*EXERCISE REQUIREMENTS*
Look through the data below for the line with "Woman holding flowers, wearing", and transcribe it exactly together with each line after it up to and including the line with "Zwarte geborduurde handtas". Give nothing else.

*Collected data entries*
----------

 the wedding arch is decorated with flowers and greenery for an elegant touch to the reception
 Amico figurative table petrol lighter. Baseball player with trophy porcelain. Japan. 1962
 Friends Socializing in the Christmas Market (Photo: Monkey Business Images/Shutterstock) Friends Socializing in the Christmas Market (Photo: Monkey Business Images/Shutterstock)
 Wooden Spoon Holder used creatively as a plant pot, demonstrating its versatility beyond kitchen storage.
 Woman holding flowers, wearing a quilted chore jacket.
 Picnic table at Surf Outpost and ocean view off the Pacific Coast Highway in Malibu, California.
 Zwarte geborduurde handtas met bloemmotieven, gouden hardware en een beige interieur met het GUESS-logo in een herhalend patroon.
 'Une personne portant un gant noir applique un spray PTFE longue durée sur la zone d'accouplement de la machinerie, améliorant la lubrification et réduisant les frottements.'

----------

*OUTPUT*
 Woman holding flowers, wearing a quilted chore jacket.
 Picnic table at Surf Outpost and ocean view off the Pacific Coast Highway in Malibu, California.
 Zwarte geborduurde handtas met bloemmotieven, gouden hardware en een beige interieur met het GUESS-logo in een herhalend patroon.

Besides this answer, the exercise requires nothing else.